交通違反の例を挙げよう。Y字では、右側に3車線、左側に2車線に分かれる形になっている。Y字で左に行くつもりで、4車線のときに左から2車線目を走っている車があるとする。Y字に近づくと、車線が増えて5車線になる。ドライバーは、自然に真ん中の車線に入る。すると、その車線は右側に吸い込まれていく。ドライバーはあわてて左側車線に移る。しかし、そこはすでに車線変更禁止区域である。車線変更禁止の実線を乗り越えたドライバーはあえなく反則切符を切られるというわけだ。
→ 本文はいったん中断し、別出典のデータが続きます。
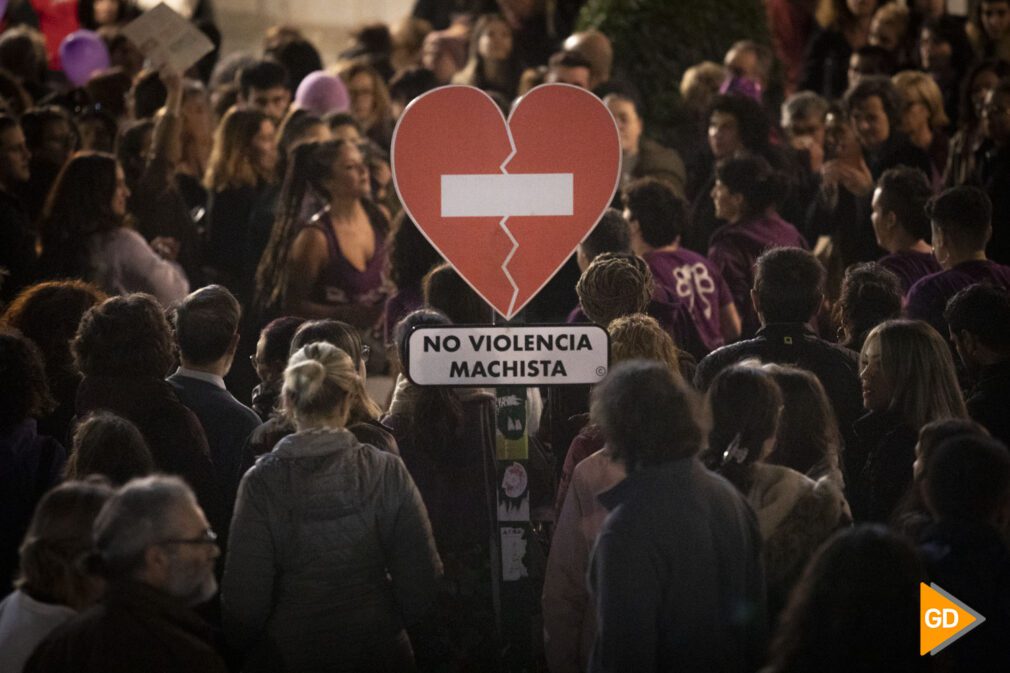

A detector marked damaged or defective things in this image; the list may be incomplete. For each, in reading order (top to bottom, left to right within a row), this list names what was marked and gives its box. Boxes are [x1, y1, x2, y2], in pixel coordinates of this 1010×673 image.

broken heart sign [390, 84, 620, 320]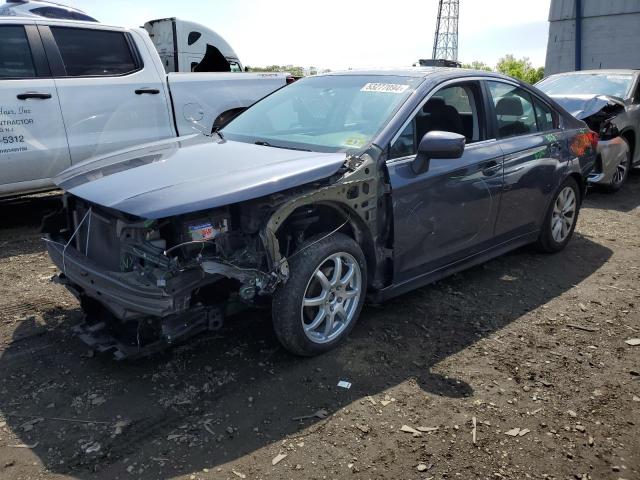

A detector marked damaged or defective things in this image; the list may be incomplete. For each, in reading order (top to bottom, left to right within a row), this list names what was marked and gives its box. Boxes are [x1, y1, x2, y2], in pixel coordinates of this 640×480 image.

damaged gray sedan [536, 70, 636, 192]
broken headlight area [45, 196, 282, 360]
damaged gray sedan [43, 69, 596, 358]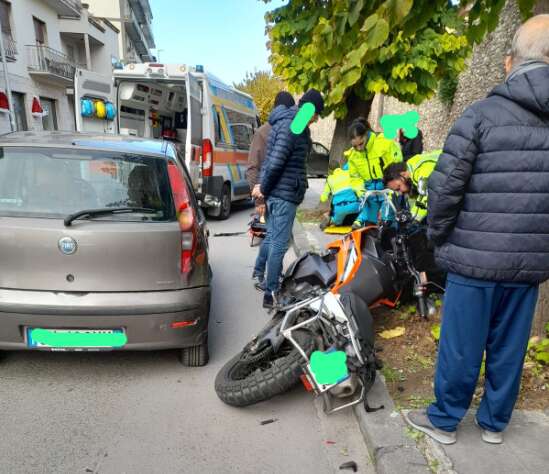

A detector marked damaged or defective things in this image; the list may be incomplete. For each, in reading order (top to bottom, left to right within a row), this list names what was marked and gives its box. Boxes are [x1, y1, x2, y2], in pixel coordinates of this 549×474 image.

crashed motorcycle [214, 191, 440, 412]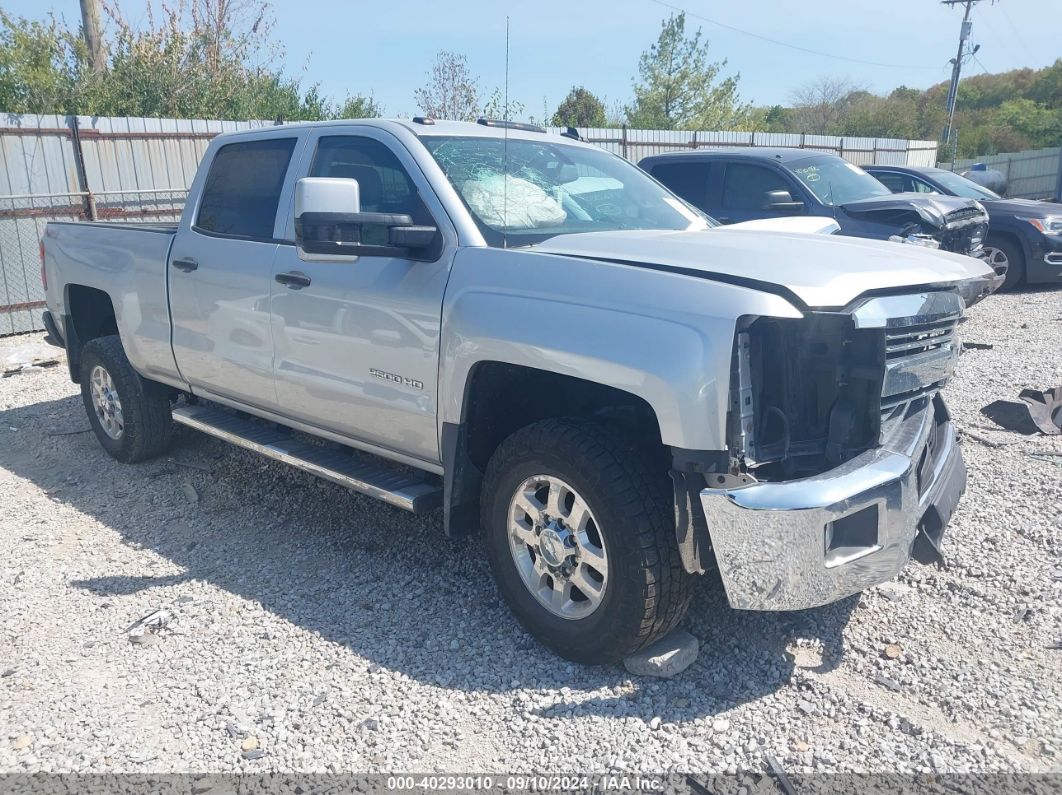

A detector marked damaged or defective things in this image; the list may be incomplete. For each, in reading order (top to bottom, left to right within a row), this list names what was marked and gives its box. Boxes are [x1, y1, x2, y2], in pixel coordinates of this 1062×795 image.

cracked windshield [418, 134, 709, 245]
crumpled hood [841, 193, 981, 226]
crumpled hood [535, 228, 998, 307]
damaged front end [688, 290, 972, 607]
dented bumper [700, 394, 968, 611]
broken plastic piece on ground [977, 384, 1062, 435]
実際、この高速道路を利用するドライバーたちによると、この車線変更禁止の実線は高速道路上に突然現れ、反応が間に合わず、間違った車線に入ってしまうのだという。

ドライバーたちは、交通警察当局が、最初から罰金を科すために、こうしたわかりにくい、反応しにくい車線変更ルールにしたのではないか、罰金を取るための罠、トラップではないか、と不満を訴えている。当局は、中国メディアの批判報道を受けて、「広東省の関連部門はすでに現場に調査チームを派遣している。この区間の車線変更もっとわかりやすく整理する」としている。

サービスエリアに入れない?
 
実は交通違反トラップは、中国の全国各地の高速道路、幹線道路に当たり前のように存在している、という。

たとえば、沈海高速道路の茂名から広州に向かうところにある白電サービスエリアへの入り口手前には、長さが1.5キロにおよぶ車線変更禁止の実線が描かれている。ドライバーがサービスエリアに入ろうと思えば、その1.5キロ前から車線を変更しておかなければならない。だが、その指示が手前にない。サービスエリアが見えてきてからあわてて車線変更すると、交通違反、となる。広東省茂名交通警察当局の2018年の発表によると、2017年にこのサービスエリア付近で12万5000件の交通違反が取り締まられ、罰金総額は2500万元に上ったという。

ほかにも、左折禁止や右折禁止になっている交差点で、手前にそれを知らせる表示がなかったり、見えにくかったり、そういうところにあえて「電子眼」が設置されていたりする例は枚挙にいとまがない。あきらかに、ドライバーをだまして交通違反させ、罰金を徴収しようとするかのように。

多すぎる「電子眼」
 
中国の交通違反取締は現在、スマート交通違反監視撮影管理システム、通称「電子眼」「電子警察」と呼ばれるシステムによって行われている。監視カメラが交通違反車を撮影し、プレートナンバーを記録、後日、罰金請求をドライバー宅に送りつけ、もれなく徴収するやり方だ。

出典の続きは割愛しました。